Collected data:
————

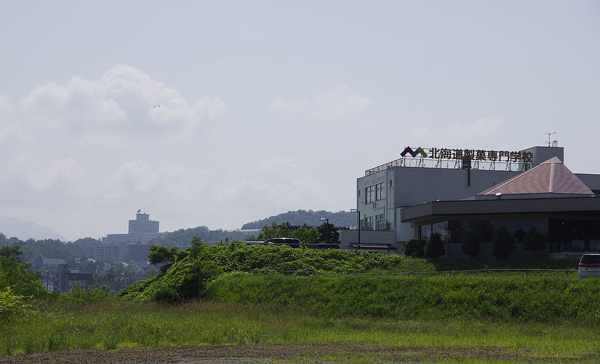 東海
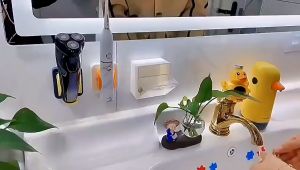 Multifunctional Transparent Plastic Wall Storage Boxes: The Ultimate Solution for Small Objects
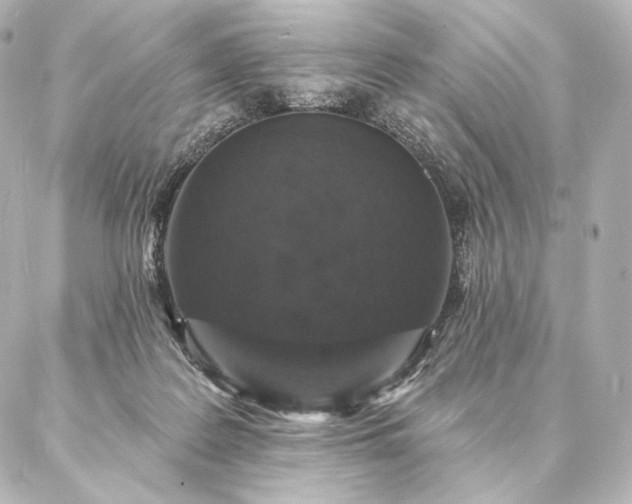 X0000086950219200704231433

————

Task directions:
Please print all the data above word for word. Pictures should not appear in the copy.

Task answer:
 東海
 Multifunctional Transparent Plastic Wall Storage Boxes: The Ultimate Solution for Small Objects
 X0000086950219200704231433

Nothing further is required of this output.